Fédérer les contre-pouvoirs, quand ce n’est pas à chaud dans la lutte, cela peut se faire au sein de lieux autogérés permettant l’entraide sociale. On peut citer le Barricade à Montpellier, la Maison du peuple à Rennes, l’Etincelle à Angers, le Lieu autogéré de Liévin, le CCAN de Nancy… Autant de lieux solidaires des luttes sociales, des migrant-es, des sans-papiers, de la Palestine, du Kurdistan, du Chiapas, etc. Ils peuvent favoriser une culture alternative (bibliothèque, concerts, etc.) voire une véritable éducation populaire à travers des réunions et des formations publiques.
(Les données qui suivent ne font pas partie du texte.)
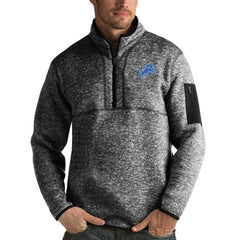 Detroit Lions Antigua Fortune Quarter-Zip Pullover Jacket Heather Black - NFL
Faire converger les anticapitalistes
Heureusement, AL n’est pas la seule organisation révolutionnaire, et la construction de cadres unitaires de résistance et de soutien aux luttes sur des bases anticapitalistes correspond à une nécessité. Selon les villes, la convergence avec d’autres organisations est envisageable. Lorsque nous parlons de convergence des anticapitalistes, nous nous adressons à diverses organisations – la CGA, la CNT, la CNT-SO, la FA, le NPA, VP, groupes locaux... Nous nous adressons aussi, bien entendu, à de nombreuses personnes qui sont de sensibilité anticapitaliste, libertaire ou autonome et qui peuvent se retrouver dans cette démarche.
L’enjeu pour nous est de mettre les divergences idéologiques de côté (par exemple la participation aux élections) quand il est possible et de s’unir sur des objectifs majeurs.
Ainsi, si AL boycotte les institutions républicaines et ne participe pas aux campagnes électorales, elle peut se retrouver aux côtés d’organisations qui, elles, y participent, quand il s’agit de s’impliquer directement dans des luttes, des grèves, des blocages en période de lutte chaude ; de l’entraide sociale, des contre-pouvoirs locaux en période de moindre conflictualité.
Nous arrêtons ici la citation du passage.